Surprisingly, seed viability – the length of time a seed retains its ability to regenerate, if properly stored – ranges from several years to a decade or more for common plants like tomato, cucumber, lettuce, beets, and peas, and up to fifty years for evening primrose. But in a few cases, poplars for instance, the seeds must be sown within days of ripening.
Another subtlety: the conditions for breaking seed dormancy vary from mild to extreme, from a few drops of water, to seasonal cold, to the heat of forest fire. And yet, success is easy if you just try.
Plants just want to reproduce, and the phrase “gone to seed” reflects that fact: a garden that has not been cleaned, deadheaded and thinned, soon takes on a wild look.

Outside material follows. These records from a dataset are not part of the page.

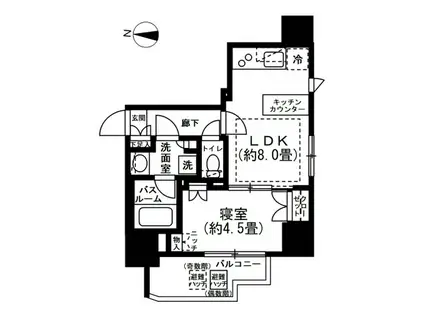 オープンレジデンシア四谷舟町(1LDK/9階)の間取り写真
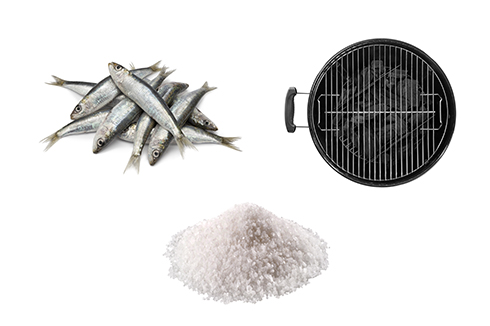 Préparation au sel des sardines et braises barbecue lefishgourmand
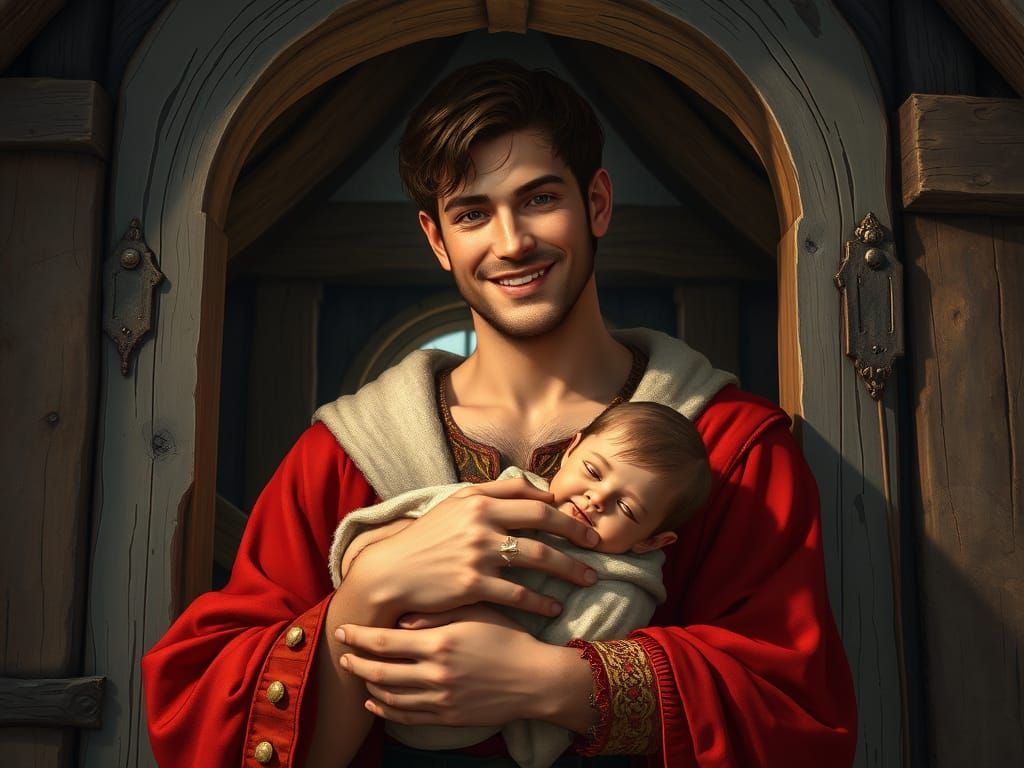 Medieval Knight Holds Adorable Baby in Cozy Cottage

So, using garden seeds judiciously means observation and planning…and action. You may unlock a treasure chest of wildflowers, ferns, ornamental bulbs and annuals, shrubs, even trees – in seed form -- that are all ready to reproduce in your yard… where you decide they should grow.
Some garden flowers form heads full of small seeds that spread and germinate quickly, often in the same season. These include love-in-a-mist (Nigella damascena), money plant (Lunaria annua) and poppy (Papaver spp). Instead of letting these seeds spread in place and become crowded, cut the seed heads before they are entirely dry and have split open, and move them into new areas you wish to develop. Simply lay the seed heads in place and by the following spring new plants should be growing strong.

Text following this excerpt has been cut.